Avec le soutien de Dame Yang, An Lushan a obtenu le contrôle total d’une armée de 200 000 hommes, qu’il retournera contre l’empereur, le forçant à évacuer la capitale. En pleine fuite, les soldats de l’empereur se sont soulevés contre Yang Guifei et, lui attribuant l’humiliation de l’empereur, l’ont exécutée.
On dit que Yang Guifei a renversé les critères de beauté féminine, qui favorisaient antérieurement les femmes minces. Les tableaux de l’époque montrent que le courant esthétique des Tang privilégiait plutôt les proportions naturelles du corps. Une belle femme devait avoir de la rondeur.
Les peintures nous apprennent aussi la façon dont les femmes se maquillaient. Par exemple, la série de tableaux Belles dames aux épingles à cheveux représente une pratique en vogue : il s’agissait d’enlever ses sourcils et de les repeindre sous forme d’une grosse feuille. De plus, ces images montrent comment les femmes décoraient leurs cheveux et visages avec des fleurs, des motifs et des objets de toutes formes : écaille de poisson, plume, coquille, en or ou en argent. On appelait ce style « Hua Dian ».
On raconte que Wu Zetian (624-705), l’unique impératrice régnante dans l’histoire de la Chine, a été un jour très vexée par sa première conseillère, Shangguan Wan’er, et pour la punir, elle a fait tatouer un point rouge sur son front. Pour couvrir cette marque d’humiliation, Shangguan Wan’er a peint une petite fleur par-dessus. Ainsi serait née cette mode…
L’impératrice était elle-même une grande spécialiste des techniques d’embellissement. Les écrits historiques évoquent son apparence jeune, même dans ses dernières années. Son secret aurait été la « poudre d’immortelle », produit dont elle aurait élaboré la recette. Celle-ci comprenait des feuilles d’agripaume cueillies le 5ejour de la 5elune, de la farine, de l’eau et des cadavres séchés de cochenilles.
Situées à un point stratégique le long de la Route de la Soie, les grottes de Mogao, dans la province du Gansu (nord-ouest de la Chine), étaient un carrefour entre l’Occident et l’Orient : les caravanes, les religions et courants intellectuels venant du monde entier s’y rencontraient. Les 492 grottes sont célèbres pour leurs statues et peintures murales. Le site est inscrit sur la Liste du patrimoine mondial de l’UNESCO.

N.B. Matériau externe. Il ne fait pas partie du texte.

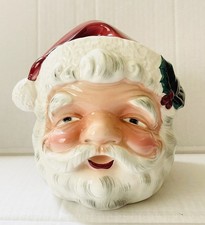 santa ceramic cookie jar for sale santa ceramic cookie jar for sale Huntsburg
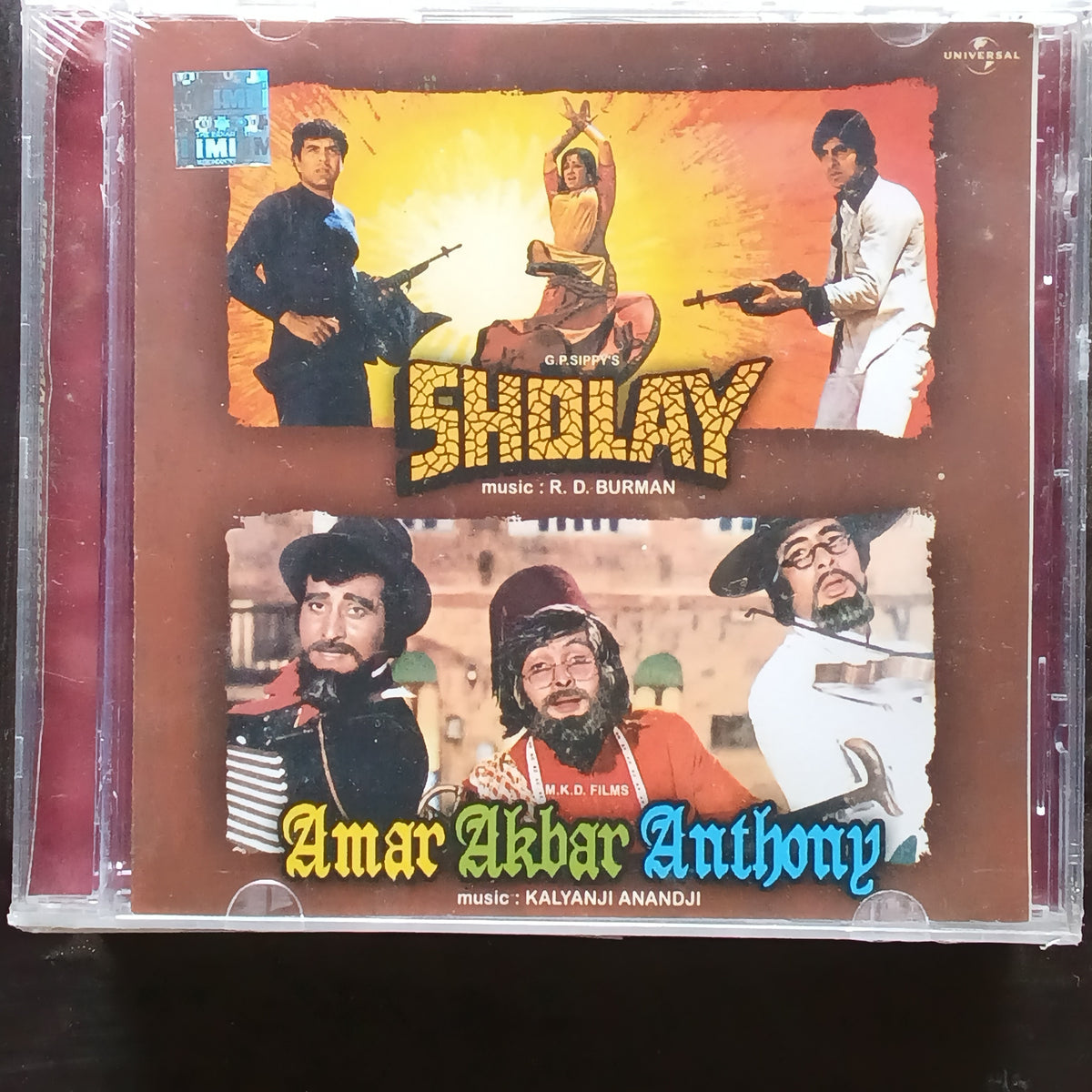 R D Burman + Laxmikant Pyarelal  - Sholay + Amar Akbar Anthony  (CD)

Parmi ces grottes, celle appelée « bibliothèque », est probablement la plus connue. Y sont conservés plusieurs dizaines de milliers de manuscrits et de reliques qui nous éclairent sur l’histoire de la Chine et de l’Asie centrale.
L’un des documents les plus étonnants est intitulé Accord pour laisser partir la femme. Selon ce texte, « la raison pour laquelle un homme et une femme sont devenus mari et femme est que ces deux personnes se sont attachées l’une à l’autre. Si leur mariage ne marche pas, ils sont en conflit. Ne se comprenant plus bien, comment pourraientils continuer à s’aimer ? Il vaut mieux que chacun retourne vivre de son côté. »
L’accord de divorce était en général composé de trois parties, selon un modèle officiel. Dans la première partie, le couple est exhorté à chérir leur union. La deuxième explique ce qui ne va pas dans le mariage. Dans la troisième, on souhaite aux anciens époux de trouver un meilleur partenaire. Le document se termine en énonçant les arrangements décidés.
Le mari ne pouvait pas divorcer arbitrairement, sous peine de déshonorer sa famille. Certains accords de divorce lui interdisaient de harceler son ex-femme ou de l’inquiéter.La dynastie des Tang est souvent citée comme une époque bienveillante pour les femmes. Certaines occupaient de hautes positions et jouissaient de la liberté. Mais on considérait encore qu’elles étaient subordonnées au « sexe fort ».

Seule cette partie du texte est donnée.